§ **Exercise instructions**
Write the listing below out again in full, dropping its pictures.

§ **Raw data**
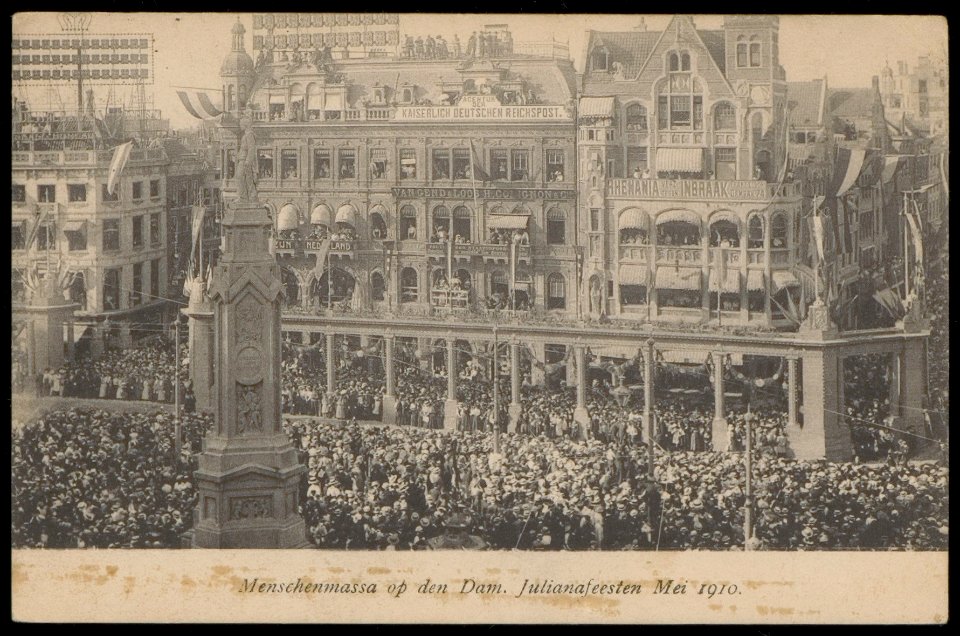 Grote belangstelling tijdens de Julianafeesten op de Dam, mei 1910. Uitgave N.J. Boon, Amsterdam, Afb PBKD00387000014
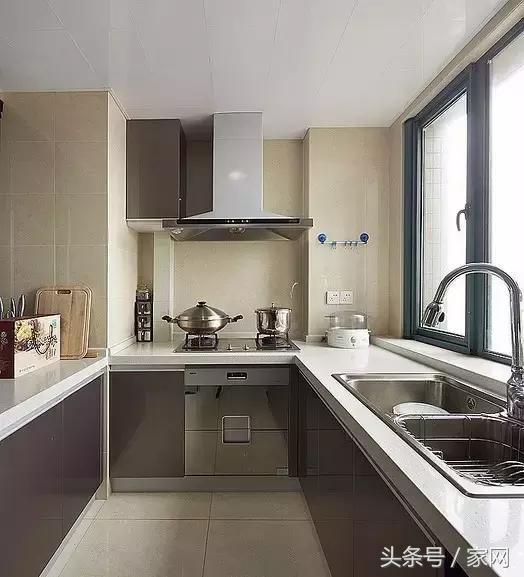 朴实无华的厨房台面,厨房大理石台面上面能够剁肉吗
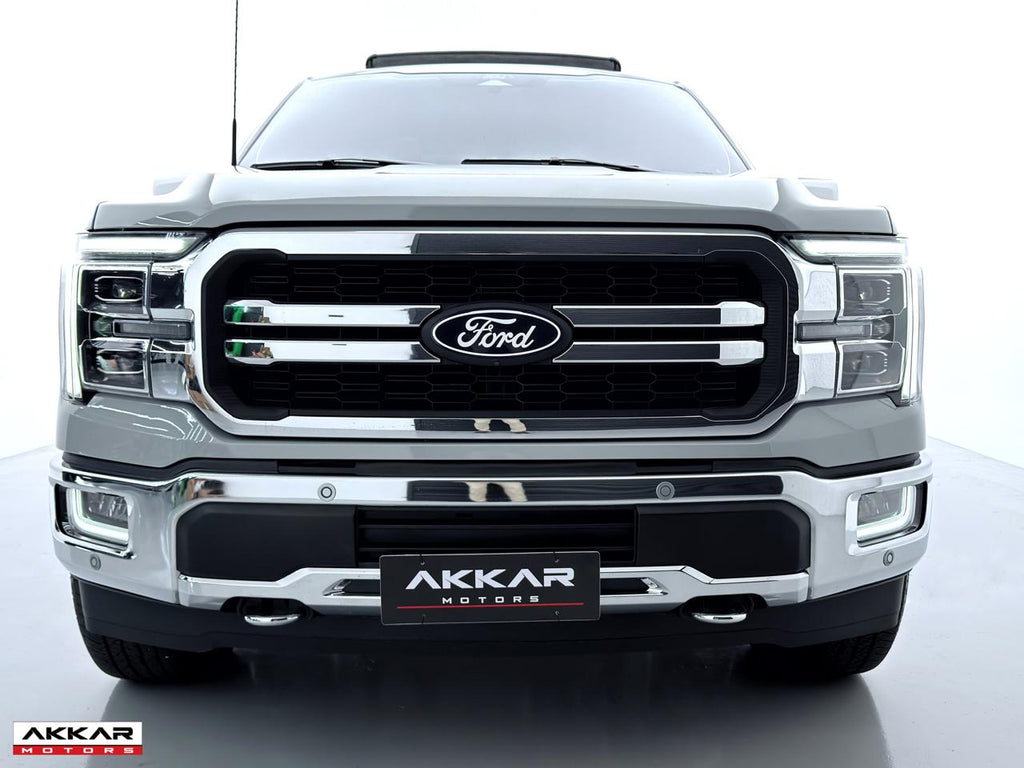FORD F-150 LARIAT FX4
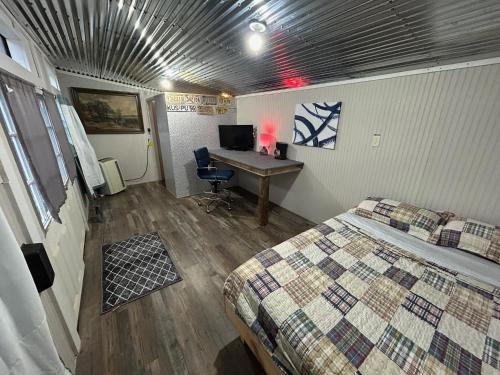 #11 Digital Nomad Cabin on the river overlooking a lake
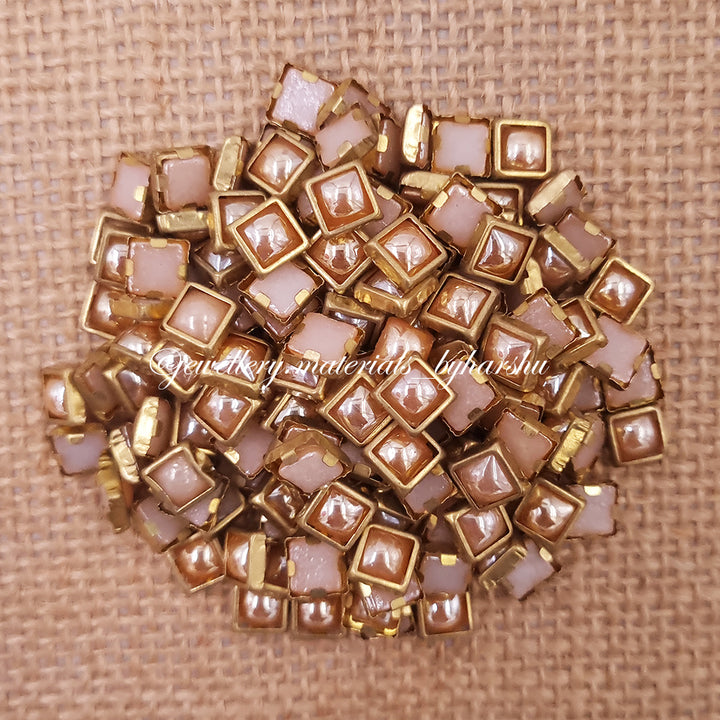 Gold Pearl Kundan Square 6x6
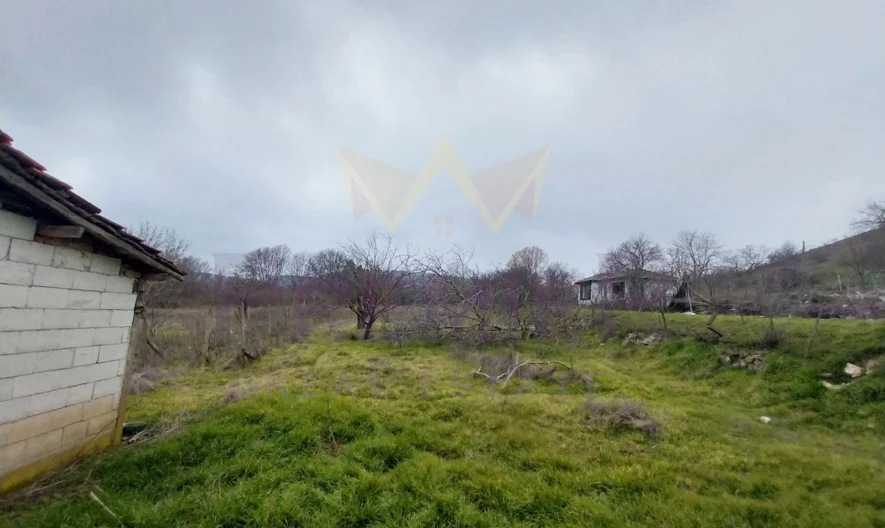 Двуетажна къща в с. Генерал Кантарджиево -  - снимка 11 - Имоти Премиер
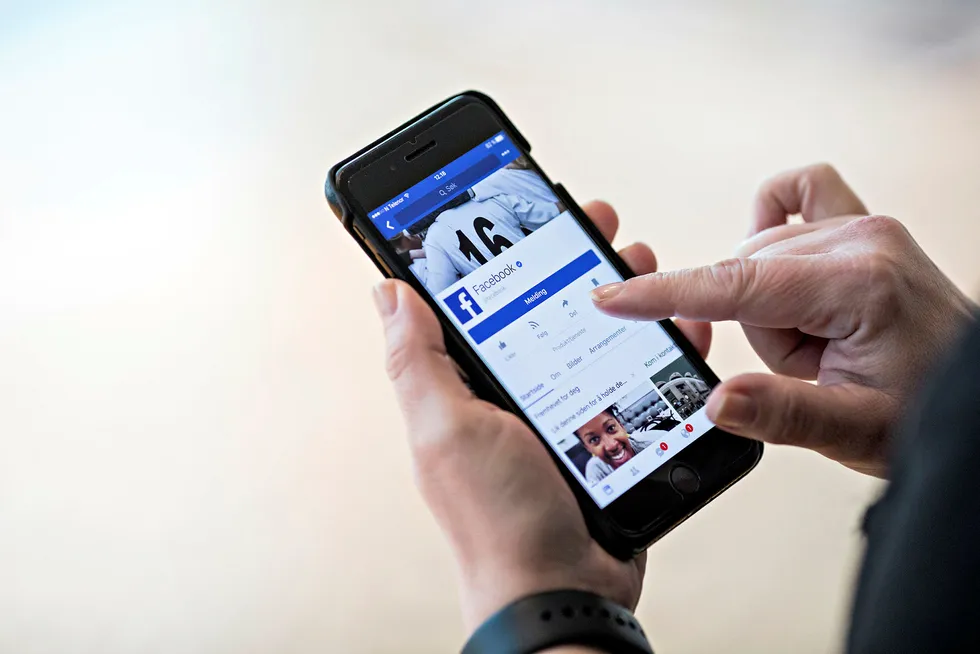 Facebook varsler store endringer i nyhetsstrømmen. Foto: Aleksander Nordahl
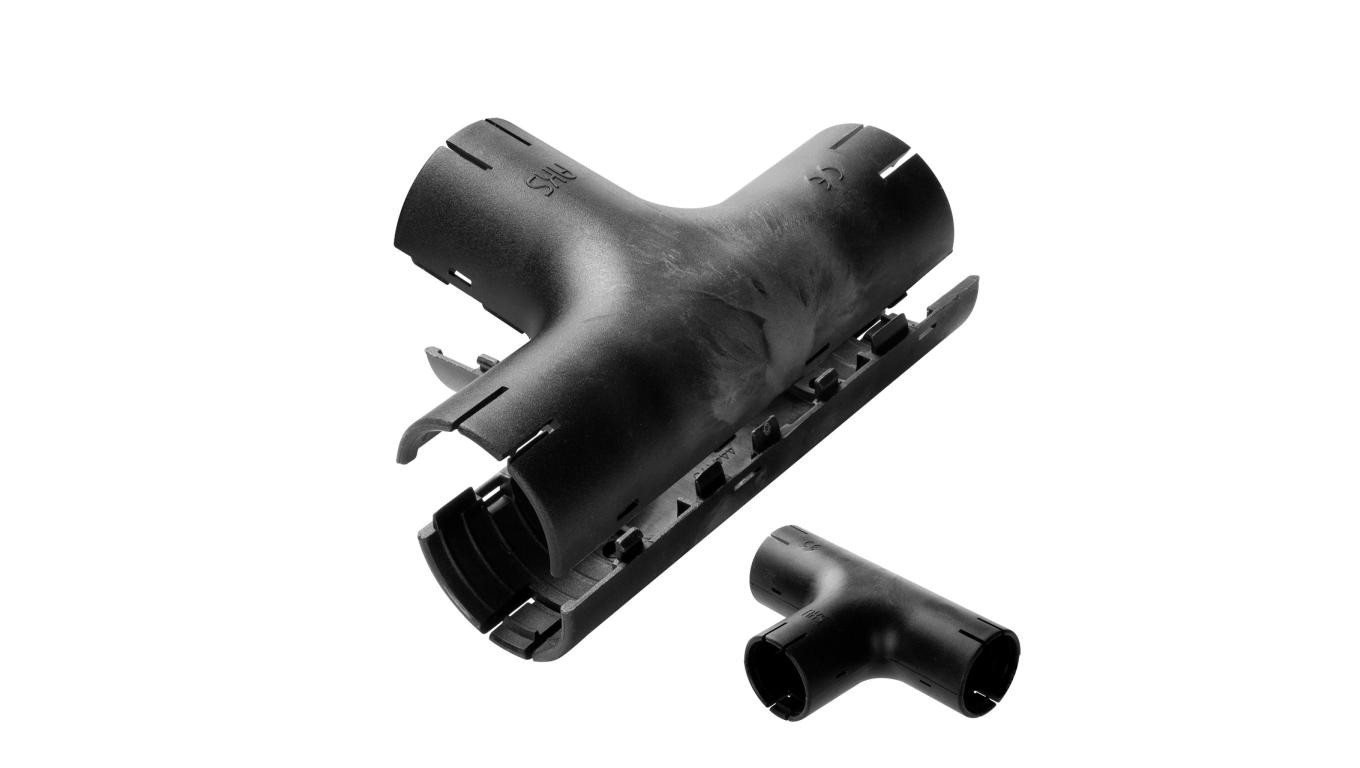 Łącznik składany kątowy LSK 20 czarny do rur sztywnych (RL i RLM) oraz karbowanych (RKGL i RKGS) AKS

§ **Result below**
 Grote belangstelling tijdens de Julianafeesten op de Dam, mei 1910. Uitgave N.J. Boon, Amsterdam, Afb PBKD00387000014
 朴实无华的厨房台面,厨房大理石台面上面能够剁肉吗
FORD F-150 LARIAT FX4
 #11 Digital Nomad Cabin on the river overlooking a lake
 Gold Pearl Kundan Square 6x6
 Двуетажна къща в с. Генерал Кантарджиево -  - снимка 11 - Имоти Премиер
 Facebook varsler store endringer i nyhetsstrømmen. Foto: Aleksander Nordahl
 Łącznik składany kątowy LSK 20 czarny do rur sztywnych (RL i RLM) oraz karbowanych (RKGL i RKGS) AKS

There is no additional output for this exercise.